Restaban algo más de quince minutos cuando el técnico asturiano decidió que era entonces o nunca. Si quería rascar mantener su racha de invencibilidad en Mendizorrotza tenía que meter toda la carne en el fuego. Así las cosas, el sueco Guidetti y Rubén Sobrino dieron descanso a un desaparecido Borja Bastón y a Burgui. Entonces, el área del Rayo ya era un incendio. Tres ocasiones en apenas un minuto pusieron a prueba los nervios, la tensión y el corazón del hincha franjirrojo. Primero en una acción en la que John Guidetti, que venía de fuera de juego, reclamó un inexistente penalti de Velázquez. Seguidamente, un pase de Jony a la retaguardia que no conectó Calleri. Y para terminar, un remate del chileno Maripán que Dimitrievski observó marcharse, cerca, por la derecha de su arco. Quizás fue por el miedo a perder de los vallecanos, por el empuje de los babazorros o quién sabe por qué, pero el Rayo se vio tan apretado que empezó a desarrollar ese tan necesitado otro fútbol. Ese que no gusta cuando nos viene en contra, pero qué bien sienta cuando nos trae puntos. En ese empeño cayó Santi Comesaña. El de Coruxo vio su quinta amarilla y no podrá comparecer ante el Leganés el próximo lunes. Una baja importante que se une a la de Bebé, que también fue amonestado en los segundos finales del encuentro.

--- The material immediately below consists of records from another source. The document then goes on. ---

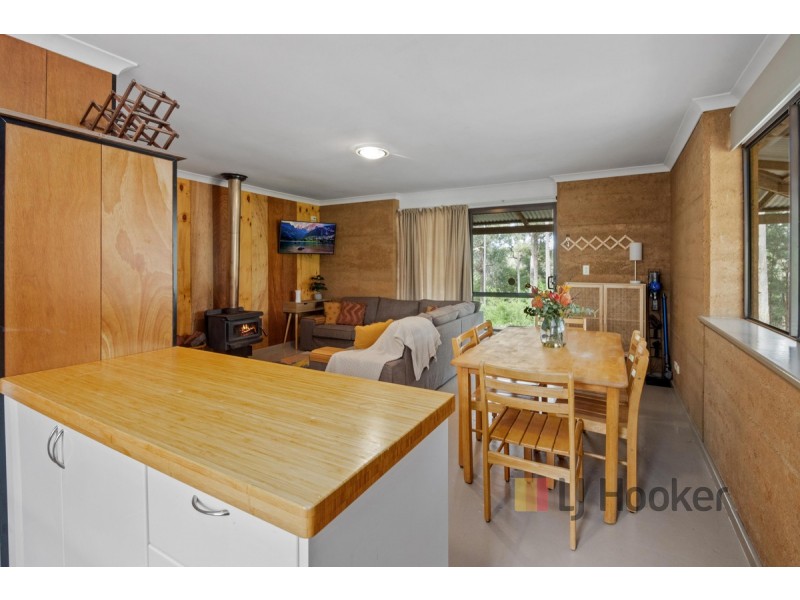 1/713 Pemberton-Northcliffe Road (Crowea), Pemberton WA 6260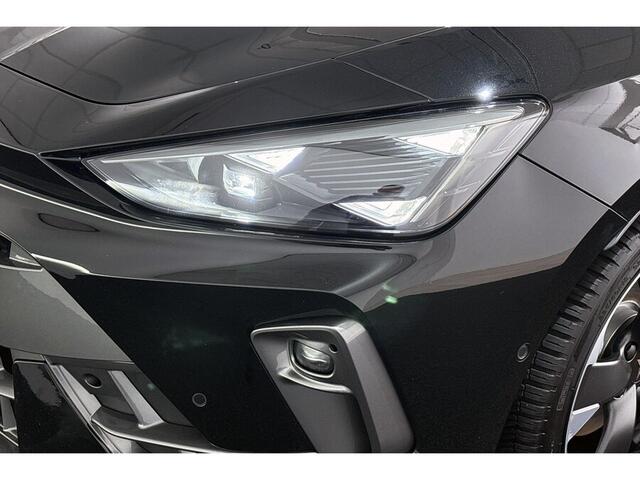 Cupra Leon 1.5 TSI e-Hybrid 2025 km 21.000 Facelift SOH 99,9% Stoelverwarming Kuipstoelen 18" LMW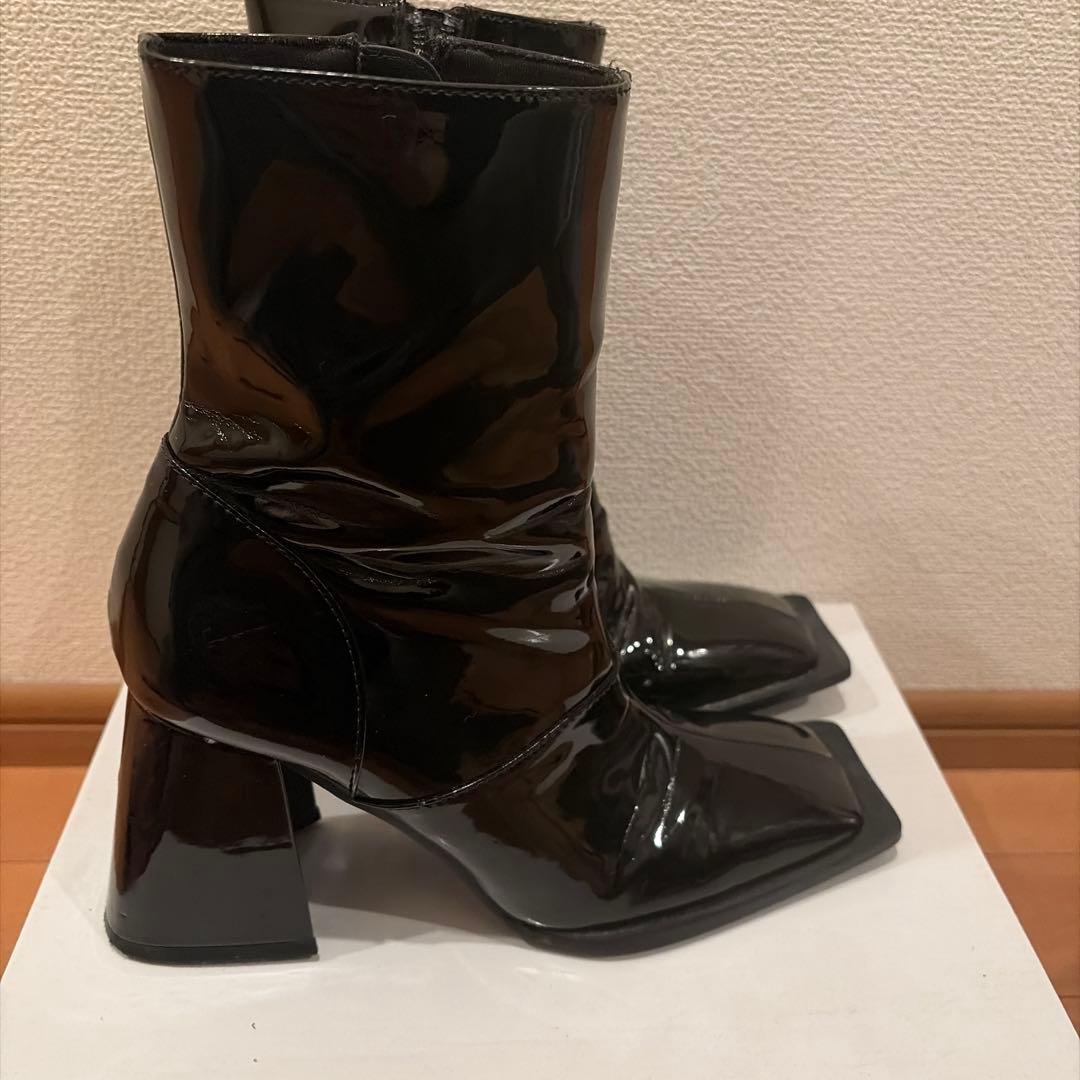 melt the lady enamel square short boots - メルカリ
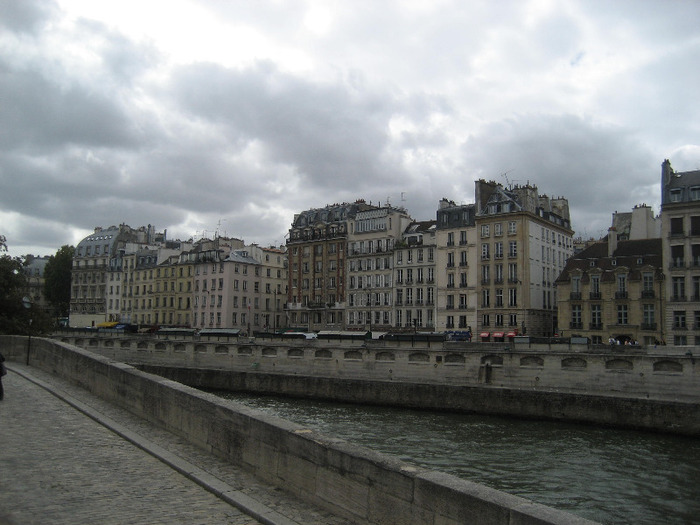 61 - paris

Los de Míchel han comprendido, por fin, que, al fútbol, a veces gana el que reconoce los momentos en los que no se debe jugar. Y dónde. Y en los últimos minutos apenas se jugó y, sí se hizo, fue lejos de las áreas. El entrenador vallecano introdujo a Medrán para retener el esférico y, unos minutos antes, retiró a Trejo y dio el testigo a Bebé para buscar una acción definitiva que estuvo a punto de llegar en el último suspiro. El trallazo del portugués, desviado en una fotogénica palomita por Pacheco, fue el preludio inmediato al triple pitazo final que llevaba al Rayo a salir de la chimenea. Algo que parecía imposible hace apenas unas semanas. Es lo que tiene el fútbol, que antes de matarte te quita la vida varias veces. Con el final del partido –y aquí regresa el mal periodista– me acordé de mi camiseta. Herida, pero jamás derrotada. Del pequeño hilo que nacía en la franja roja y que, de pronto, se asemejaba a esa frágil línea que indica que un enfermo, poco a poco, recupera el tono y el color.